Logo Questions Linux Laravel Mysql Ubuntu Git Menu
 

LINQ to calculate a moving average of a SortedList<dateTime,double>

I have a time series in the form of a SortedList<dateTime,double>. I would like to calculate a moving average of this series. I can do this using simple for loops. I was wondering if there is a better way to do this using linq.

my version:

using System;
using System.Collections.Generic;
using System.Linq;
using System.Text;

namespace ConsoleApplication1
{
    class Program
    {
        static void Main(string[] args)
        {
            var mySeries = new SortedList<DateTime, double>();
            mySeries.Add(new DateTime(2011, 01, 1), 10);
            mySeries.Add(new DateTime(2011, 01, 2), 25);
            mySeries.Add(new DateTime(2011, 01, 3), 30);
            mySeries.Add(new DateTime(2011, 01, 4), 45);
            mySeries.Add(new DateTime(2011, 01, 5), 50);
            mySeries.Add(new DateTime(2011, 01, 6), 65);

            var calcs = new calculations();
            var avg = calcs.MovingAverage(mySeries, 3);
            foreach (var item in avg)
            {
                Console.WriteLine("{0} {1}", item.Key, item.Value);                
            }
        }
    }
    class calculations
    {
        public SortedList<DateTime, double> MovingAverage(SortedList<DateTime, double> series, int period)
        {
            var result = new SortedList<DateTime, double>();

            for (int i = 0; i < series.Count(); i++)
            {
                if (i >= period - 1)
                {
                    double total = 0;
                    for (int x = i; x > (i - period); x--)
                        total += series.Values[x];
                    double average = total / period;
                    result.Add(series.Keys[i], average);  
                }

            }
            return result;
        }
    }
}
like image 799
Andre P. Avatar asked Mar 02 '11 11:03

Andre P.


2 Answers

In order to achieve an asymptotical performance of O(n) (as the hand-coded solution does), you could use the Aggregate function like in

series.Skip(period-1).Aggregate(
  new {
    Result = new SortedList<DateTime, double>(), 
    Working = List<double>(series.Take(period-1).Select(item => item.Value))
  }, 
  (list, item)=>{
     list.Working.Add(item.Value); 
     list.Result.Add(item.Key, list.Working.Average()); 
     list.Working.RemoveAt(0);
     return list;
  }
).Result;

The accumulated value (implemented as anonymous type) contains two fields: Result contains the result list build up so far.

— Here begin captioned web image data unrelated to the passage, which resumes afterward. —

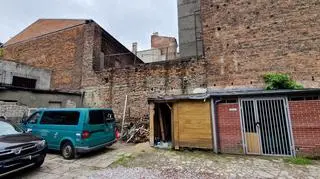 Podwórko na Pradze, gdzie Zinedine Zidane zostawił autograf 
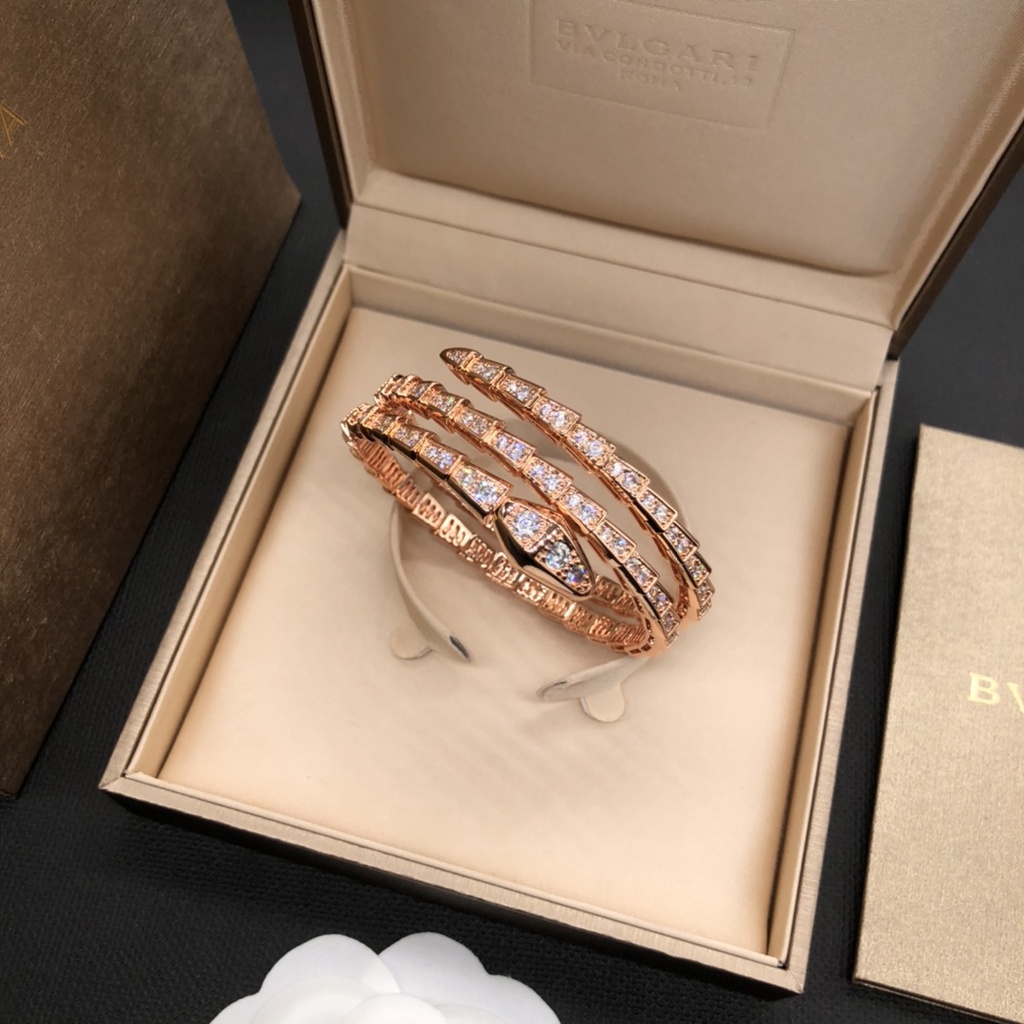 Vòng Tay Ba Lớp Hình Rắn Đính Đá Kim Cương Thời Trang Dành Cho Cặp Đôi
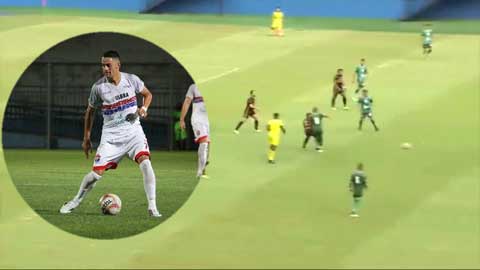 Cầu thủ Brazil gây sốt với pha làm bàn từ 70m sau khi cá cược với trọng tài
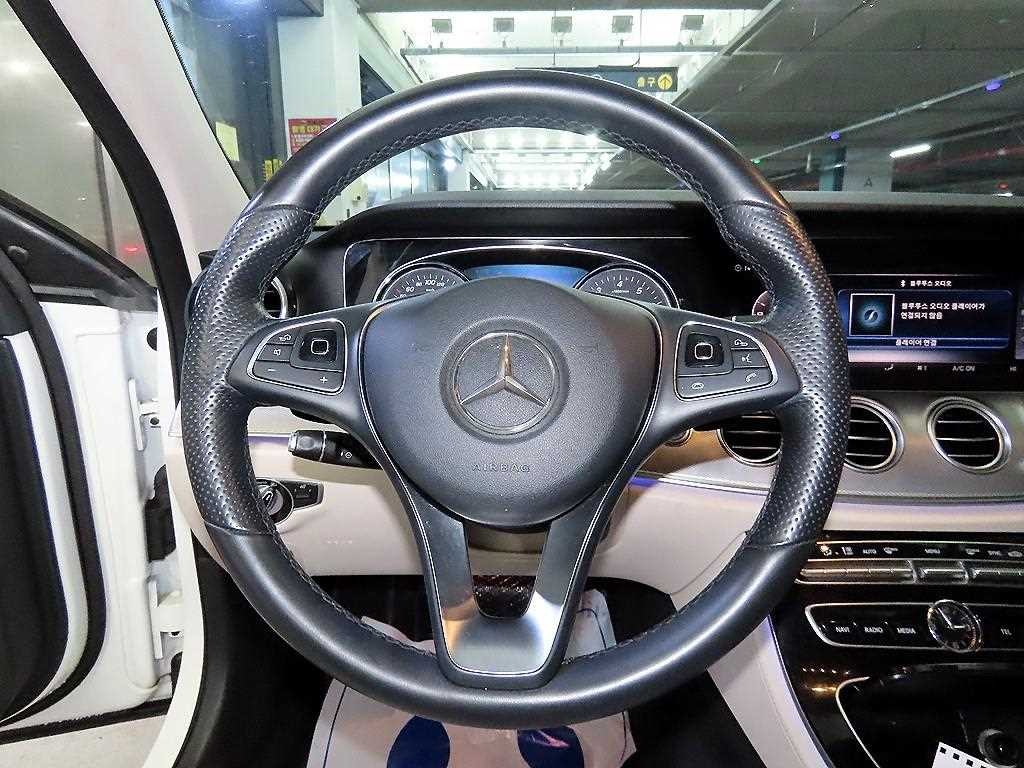 벤츠 E 클래스 E-클래스 W213 E200 아방가르드 이미지 8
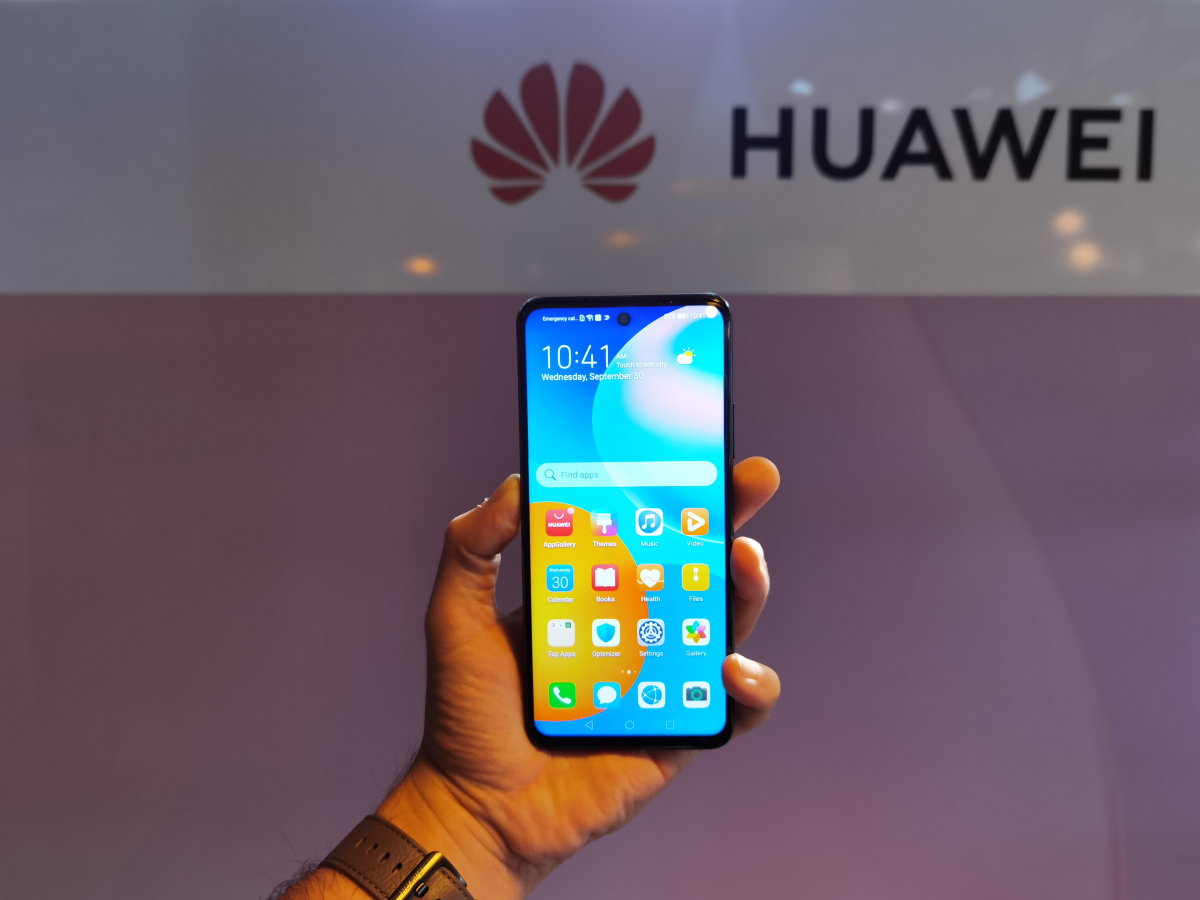 Peste 10.000 de români, interesați de noul Huawei P Smart 2021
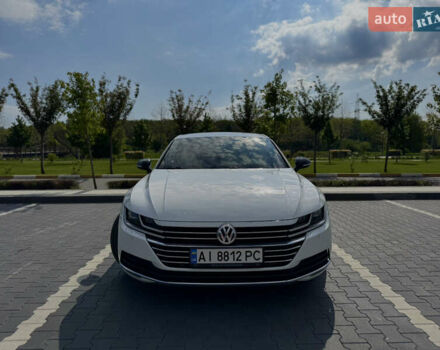 Фольксваген Arteon 2017 в Киеве на Automoto.ua Белый Фольксваген Arteon, объемом двигателя 1.97 л и пробегом 212 тыс. км за 24000 $, фото 10 на Automoto.ua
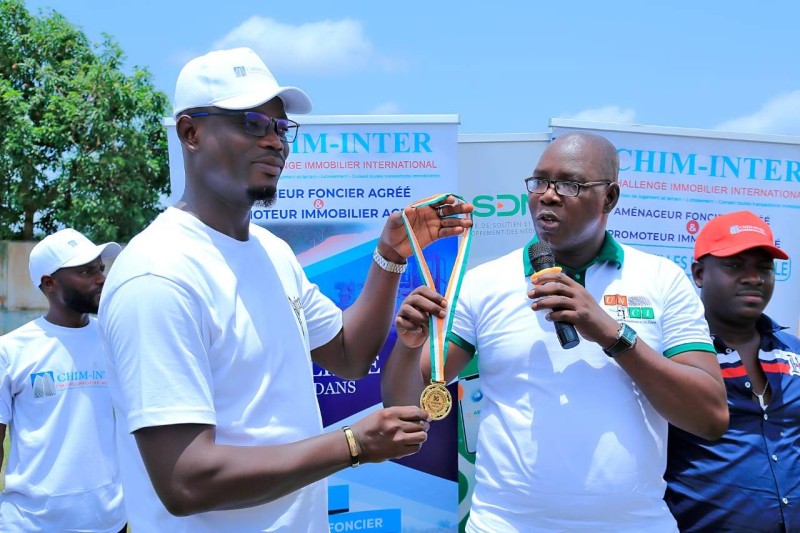 Le representant de Yamoussa Coulibaly reçoit la médaille de son patron (DR)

Working contains the last period-1 elements. The aggregate function adds the current value to the Working list, builds the current average and adds it to the result and then removes the first (i.e. oldest) value from the working list.

The "seed" (i.e. the starting value for the accumulation) is build by putting the first period-1 elements into Working and initializing Result to an empty list.

Consequently tha aggregation starts with element period (by skipping (period-1) elements at the beginning)

In functional programming this is a typical usage pattern for the aggretate (or fold) function, btw.

Two remarks:

The solution is not "functionally" clean in that the same list objects (Working and Result) are reused in every step. I'm not sure if that might cause problems if some future compilers try to parallellize the Aggregate function automatically (on the other hand I'm also not sure, if that's possible after all...). A purely functional solution should "create" new lists at every step.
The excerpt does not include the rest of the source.